• [The task]: All of the data must be written out verbatim, with pictures excluded.

• [Data segment]:
--------------------------------

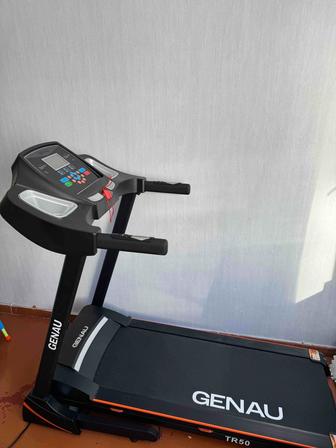 Продам беговую дорожку GENAU TR50
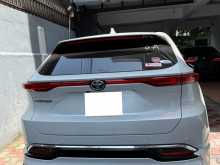 https://riyasewana.com/uploads/toyota-harrier-z-2024-2615402212072.jpg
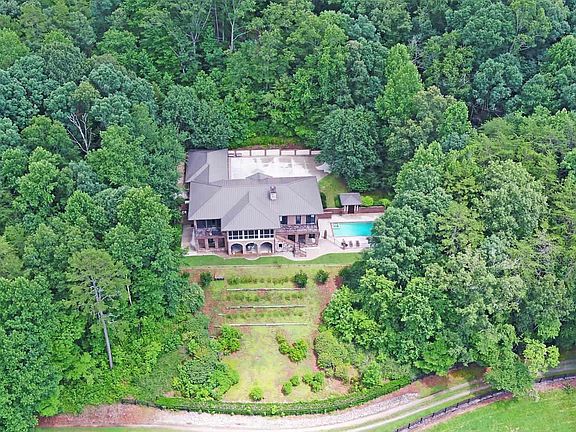 2nd image of 230 Owls Nest Ln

--------------------------------

• [Your response]:
 Продам беговую дорожку GENAU TR50
 https://riyasewana.com/uploads/toyota-harrier-z-2024-2615402212072.jpg
 2nd image of 230 Owls Nest Ln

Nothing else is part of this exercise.